Indiana Trail 100 Course Guide

The Indiana Trail 100 runs 150, 100, and 50 mile distances through the wooded lake country of Chain O'Lakes State Park in Albion, Indiana, a Western States qualifier and an anchor race of the Midwest Grand Slam. I will walk you through what is confirmed about the course first, then give you a pacing and fueling plan built for rolling Midwest trail and a long fall day, plus free tools to dial in your own numbers.

⏵ At a glance

Indiana Trail 100 quick facts

Date
October 9-11, 2026
Location
Chain O'Lakes State Park, Albion, Indiana
Distances
150 Mile / 100 Mile / 50 Mile
100 mile start
Saturday, October 10, 6:00 am EDT
150 mile start
Friday, October 9, 6:00 am EDT
Terrain
Wooded lake-country trail through Chain O'Lakes State Park
Qualifier
Western States 100 qualifier; part of the Midwest Grand Slam
Notes
Run by a non-profit committee of ultrarunners, with proceeds benefiting the park; no race-day registration, entries close about two weeks prior
Org
Ignite Trail Series

These facts come from the official Ignite Trail Series race page and the RunSignup event listing. Elevation gain, loop length, aid station spacing, and individual cutoffs are not published in public sources, so pull the current participant's guide from ignitetrailseries.com before you build a detailed race plan.

The course: wooded lake country, three distances

IT100 runs 150, 100, and 50 mile races through Chain O'Lakes State Park, wooded terrain built around a chain of connected lakes in northern Indiana. The 150 mile starts a full day ahead of the 100, both from the same park.

A Western States qualifier without mountain-scale climbing

IT100 carries Western States 100 qualifier status, which tells you the race meets a real bar for distance, terrain, and organization even though it will not throw mountain vert at you. Rolling wooded trail, changing October weather, and the accumulated fatigue of 100 miles are the real challenges here rather than any single defining climb.

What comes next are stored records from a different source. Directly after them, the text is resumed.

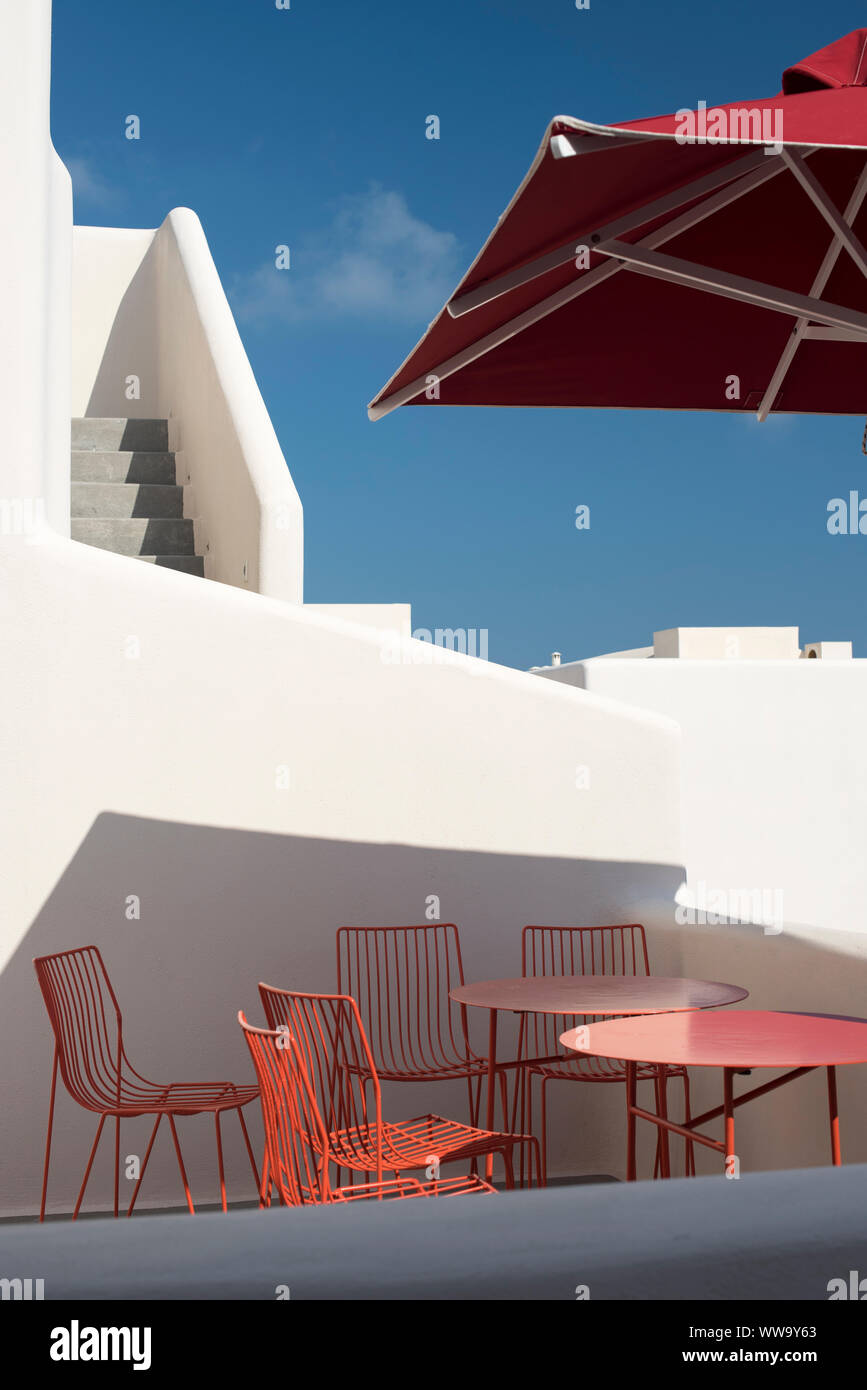 Santorini, Grecia - 23 Giugno 2018: Rosso tavoli e sedie sotto un ombrello rosso nel quartiere Pygros in Santorini in estate. Foto Stock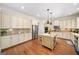 Spacious kitchen with white cabinets, stainless steel appliances, and hardwood floors at 2358 New Salem Trce, Marietta, GA 30064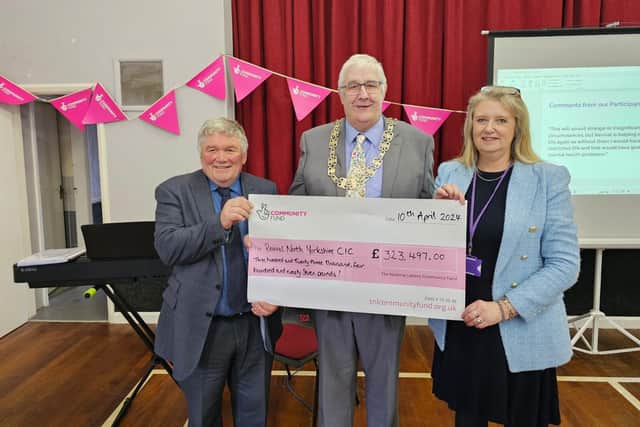 Coun Clive Pearson, Chair of North Yorkshire Council - David Ireton and Debbie Swales at the cheque presentation.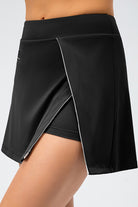 SVL Padel Court & Confidence Skirt in black, designed with a streamlined fit, built-in shorts, and stretch fabric, ensuring confidence and freedom of movement on the padel court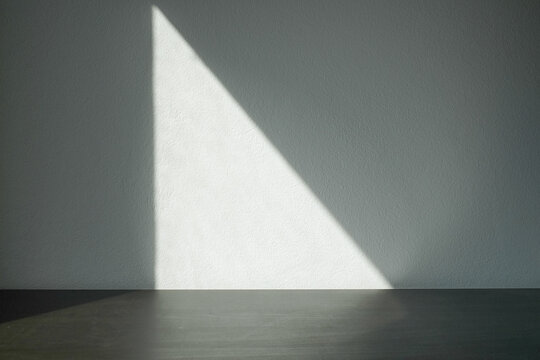 Empty white cement wall room and black table with shadow from window.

An anchor of the Midwest Grand Slam

IT100 is one of the marquee races in the Midwest Grand Slam, an informal challenge covering the region's toughest hundred milers in a single season. If you are chasing the full Slam, IT100's October date is a fixed point worth planning your other Slam races around.

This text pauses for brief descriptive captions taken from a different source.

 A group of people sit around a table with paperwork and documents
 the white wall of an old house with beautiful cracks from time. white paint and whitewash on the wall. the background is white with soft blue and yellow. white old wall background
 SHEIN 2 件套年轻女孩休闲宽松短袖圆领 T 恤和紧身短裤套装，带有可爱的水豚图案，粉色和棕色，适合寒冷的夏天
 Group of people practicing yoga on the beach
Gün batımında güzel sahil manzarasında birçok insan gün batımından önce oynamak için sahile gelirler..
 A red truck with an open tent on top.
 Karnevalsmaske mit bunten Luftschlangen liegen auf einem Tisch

Course specifics: check the current participant's guide

Loop length, total elevation gain, aid station count and spacing, and individual cutoff times are not published anywhere we could confirm for this guide. The race publishes an IT 100 Participants Guide and course map directly on ignitetrailseries.com, and given how much these details shape your pacing plan, treat pulling the current version as a required step before race week rather than an optional one.

Pacing strategy for rolling Midwest terrain

Without published elevation or cutoff data, your pacing plan needs to lean on the current participant's guide and your own fitness rather than generic assumptions about a Midwest hundred.

Pull the current course map before you set a target

Because loop structure and elevation profile are not published in the sources we could confirm, do not guess at a pacing plan from general Midwest race assumptions. Download the current IT 100 course map and participant's guide, then build a grade-adjusted pace target from the actual profile rather than an estimate.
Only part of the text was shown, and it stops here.